Meet Chad Gilbert

Biographical Info

Born: November 1980

Married: Cole Lambert Gilbert in July 2003.
Children: Ava (12), Grayson (9), Brogan (6), and Livy (4).


  • Belaire High School, 1999
  • Louisiana College, 2003 | Bachelor of Arts degree, majoring in Sociology and
    minoring in Religious Studies
  • New Orleans Baptist Theological Seminary, 2007 | Master of Divinity, focusing on
    Biblical Studies and Practical Ministry Training
  • New Orleans Baptist Theological Seminary, 2017 | Certificate in Greek Studies,
    focusing on Biblical Studies in the area of New Testament Greek

Pastoral and Ministry Experience

Licensed to the ministry by Edgewater Baptist Church, New Orleans, 2008
Ordained by Edgewater Baptist Church, New Orleans, 2008
Associate Pastor of Community and Missions, Trinity Baptist Church, Lake Charles, La. | 2018-present
Chad’s ministry focused on personal, local, and global disciple-making.  His ministry equipped over 1,000 members to share the Gospel and intentionally shaped the culture of the small groups to the end that every member would be familiar enough with the Gospel that they could share it with anyone at any time.  Strategic partnerships were made with the International Mission Board missionaries in North Africa and Central Asia to make disciples among unreached people groups.  Assimilating new members was a key ministry component.
Senior Pastor, Edgewater Baptist Church, New Orleans, La. | 2008-2018
Equipping the church in personal evangelism, engaging church members to reach out to the area schools, local neighbors, and ministry partners were a primary emphasis of Chad’s ministry and leadership. Local, regional, and international missions were areas of emphasis. The church responded by developing mission trips and partnerships in New Orleans, Texas, Mexico, Canada, Lesotho, Northern Africa, Pakistan, and Peru. Part of these intentional efforts in ministry and evangelism was cultivating a strategic prayer culture in the life of the church.
Staff Evangelist, Edgewater Baptist Church, New Orleans, La. | 2008
Chad’s heart for missions and evangelism led him to coordinate the church's evangelistic efforts and equip the church members to minister to the community in a post-Katrina context. The church responded by mobilizing people and resources in caring for the homeless and those in need in our city.
Semester Missionary, Edgewater Baptist Church, New Orleans, La. | 2007
In this year of ministry, the church was actively looking for help and leadership in serving the community in the aftermath of Hurricane Katrina.  This need afforded the opportunity to coordinate efforts, equip church members in ministry, and lead teams in pastoral care and college ministry.

Denominational Service

  • Louisiana Baptist Convention | Properties Committee (former), State Missions Offering
    Committee (former), and the Administrative Committee (former)
  • New Orleans Baptist Association | Administrative Committee, Chairman (former)
  • Baptist Collegiate Ministries Advisory Board | Chairman (former)
  • North American Mission Board | Local Strategy Team (former)
  • Greater New Orleans Pastors Coalition | Strategy Team (former)

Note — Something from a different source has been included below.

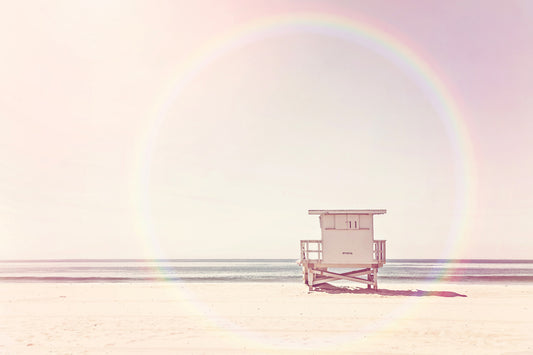Beach Hut Wall Mural
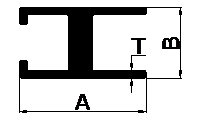 Aluminum extruded bus body H section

Can you tell us about your conversion?

Raised in a Christian family, I learned that God loved me and had given His Son to die on the cross to save me. At the age of 16, through the testimony of an older friend who had recently been born again, God graciously opened my eyes to see that I did not have a relationship with Christ. Two weeks later, alone in the woods of my grandparent's home in Mississippi, I knelt before the Lord, confessed my sinfulness, my need for His salvation, and my trust that Christ had died for me. I surrendered my life to Him to be my Lord. The wind did not pick up, nor trees begin to bend, but the wind of God’s Holy Spirit rushed upon my heart and caused an affection for God to emerge which I had never previously known. By His grace, I continue to long for God and love to lead others to Christ, both to experience His love for them and to experience the affection that His Spirit brings to our hearts for God and neighbor.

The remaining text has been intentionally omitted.